How Do I Make a Prenuptial Agreement?

October 5, 2020

We all think that we’re not going to be the couple whose marriage ends in divorce, but with a 50 percent chance of that happening, it’s wise to consider a prenuptial agreement. When you’re wildly in love and planning the wedding of your dreams, the idea of agreeing on and writing down what happens if it doesn’t work out (especially if you’ve just put down massive deposits for wedding-related items) can be a buzzkill. However, the best time to decide how to handle your assets and debts is when you’re deeply in love.

We hope you’ll never need to use your prenuptial agreement in Tavares, FL—but if things change, you’ll be glad you had one.

Who needs a prenup?

Any couple getting married could use a prenuptial agreement, not just the wealthy. This is especially useful if you have children, debts or assets from a prior marriage. It might not be romantic, but think about it as clarifying the business details of your upcoming marriage. It can protect one partner from another’s debts, or specify how you’ll handle your financial obligations and property in the event of divorce. This can help avoid arguments and make the divorce process a lot easier.

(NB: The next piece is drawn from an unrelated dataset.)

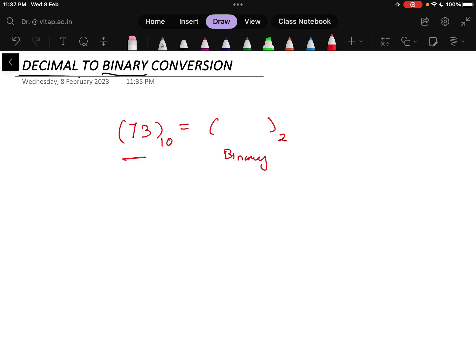The process is very simple. Remember which number you want to convert — write that here, and you have to subsequently divide by the base of the number to which you want to convert. In this case, we want to convert it to a binary number, that is a base 2 number. So here I will write 2 — I have to divide by 2.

Keep in mind that you will be limited by the law in your state. For example, some states don’t allow people to waive the right to alimony in a prenup. Your ideas of what you want in a prenup versus what you’ll be allowed to have may diverge, so be prepared to make compromises.

If you don’t have a prenup, your property will be divided according to state law. Consult with a prenup attorney in Tavares, FL to determine whether these laws are acceptable to you, or if a prenup is in your best interests.

What are the requirements for a prenup?

Prenuptial agreements need to be voluntary, informed and notarized. That means you cannot force someone to sign a prenup under duress (that is, under threat of something dire happening if they refuse to do so). Each partner also needs to know the full state of the other’s finances before signing, so don’t expect that you’ll be able to hide bank accounts or mountains of debt. Notarization is simply to ensure that the document is witnessed and signed by someone who can attest to the fact that it was properly executed and neither party was under duress.

Prenups are becoming more common due to the prevalence of remarriage and blended families. However, they are still scrutinized to ensure they’re not unfairly privileging one spouse over the other (historically, this meant a wealthy spouse taking advantage of the lower-income partner).

To make sure that you have a fair and properly executed prenuptial agreement, it’s smart to work with an attorney. They’ll be able to explain the laws as well as the potential outcomes so you can both make an informed decision.